- BRIEF
What needs reproducing is the run of lines in the data below starting at the line with "外觀(guān)設(shè)" and ending at the line with "by Application Global", both ends included. Copy it exactly, without pictures, and add nothing.

━━━━━ SOURCE RECORDS ━━━━━

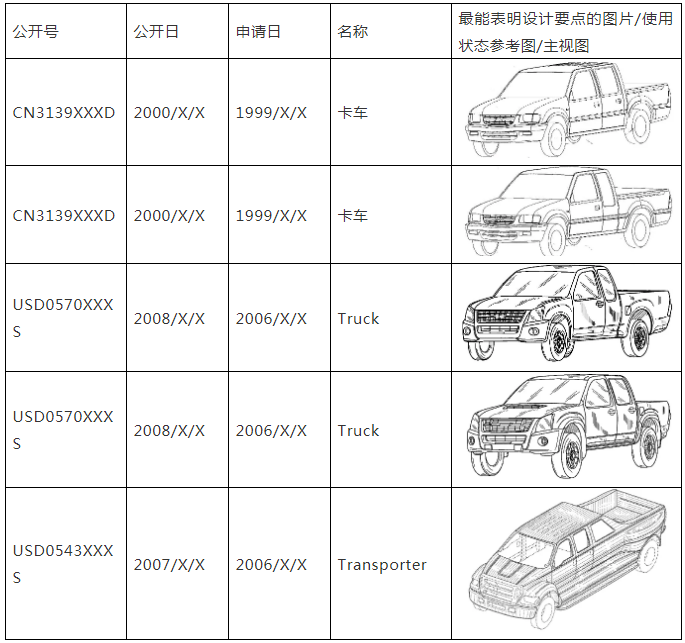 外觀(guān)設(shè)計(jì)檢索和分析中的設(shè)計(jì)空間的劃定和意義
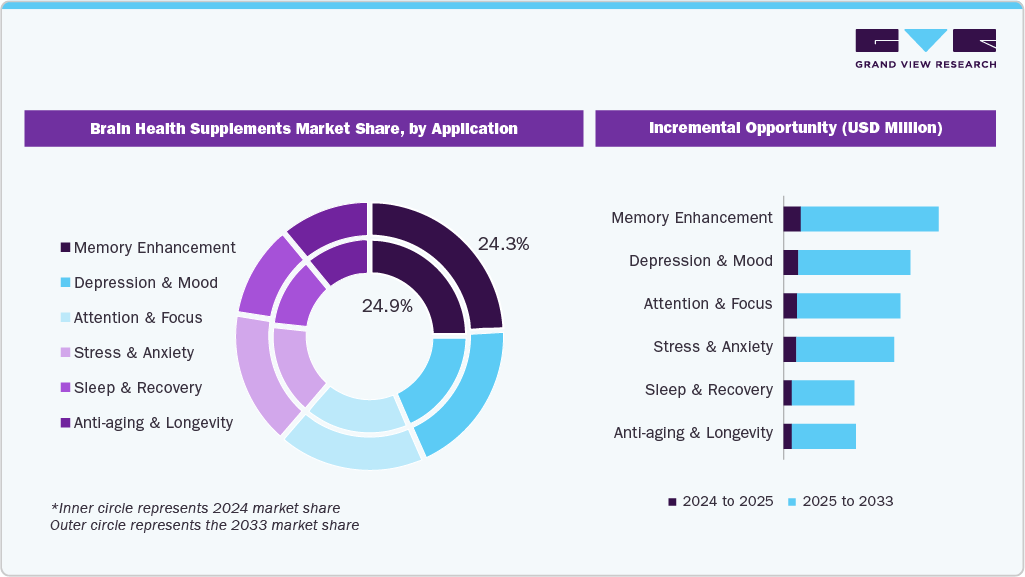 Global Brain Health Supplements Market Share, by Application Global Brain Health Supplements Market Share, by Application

━━━━━
━━━━━ SOURCE RECORDS ━━━━━

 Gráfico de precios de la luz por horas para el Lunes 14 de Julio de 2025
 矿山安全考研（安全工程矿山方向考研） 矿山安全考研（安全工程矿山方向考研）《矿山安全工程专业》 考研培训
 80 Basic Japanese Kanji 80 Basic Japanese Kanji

━━━━━
━━━━━ SOURCE RECORDS ━━━━━

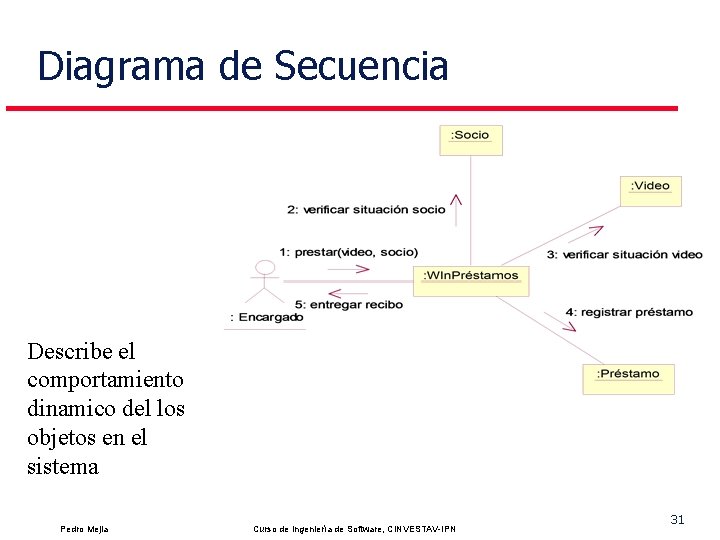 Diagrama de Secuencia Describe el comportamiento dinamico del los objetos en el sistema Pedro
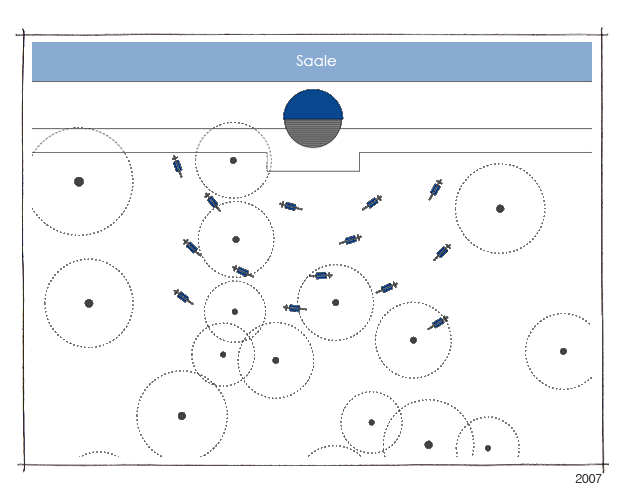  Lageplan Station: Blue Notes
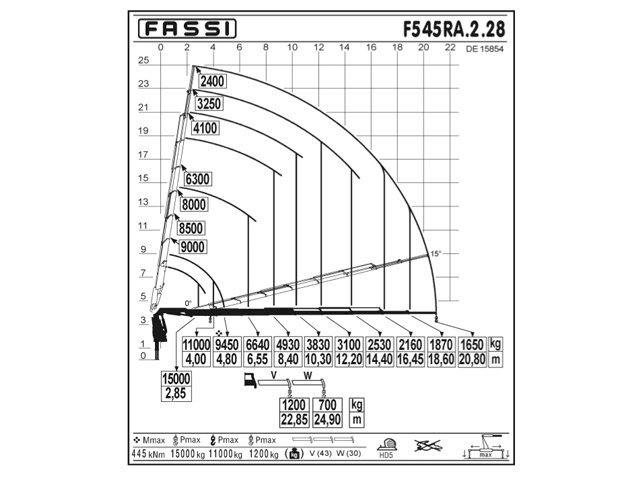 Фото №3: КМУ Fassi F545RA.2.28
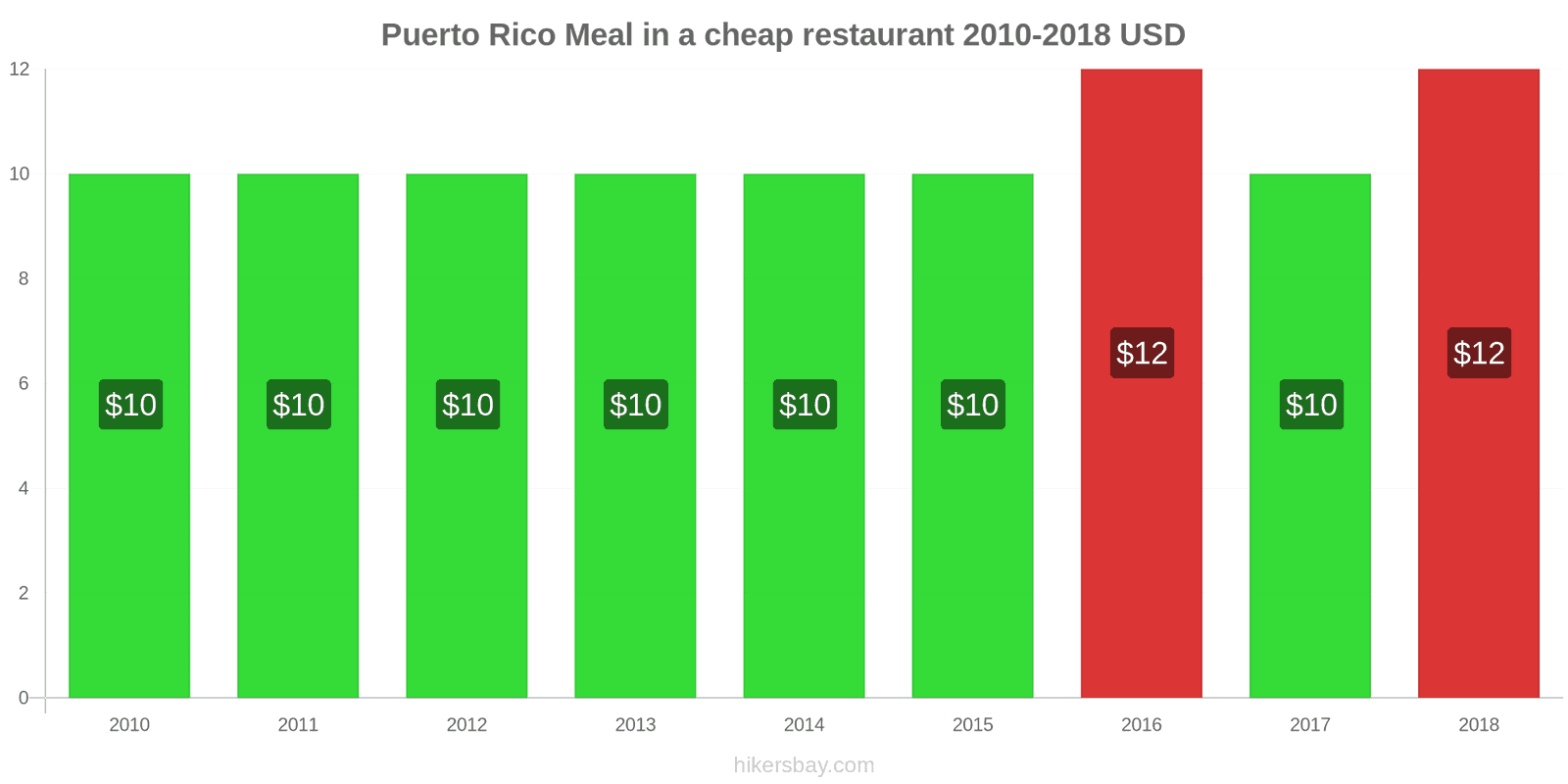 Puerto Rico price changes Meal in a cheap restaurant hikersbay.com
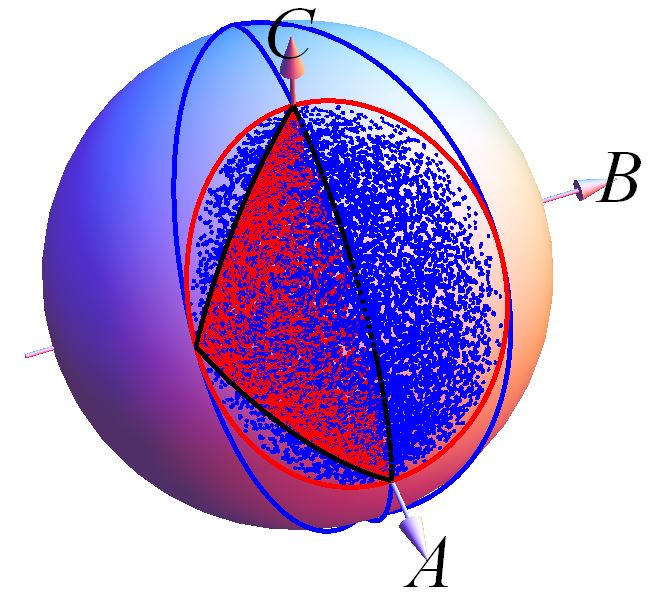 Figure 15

━━━━━

- SOLUTION FOR THIS EXERCISE
 外觀(guān)設(shè)計(jì)檢索和分析中的設(shè)計(jì)空間的劃定和意義
 Global Brain Health Supplements Market Share, by Application Global Brain Health Supplements Market Share, by Application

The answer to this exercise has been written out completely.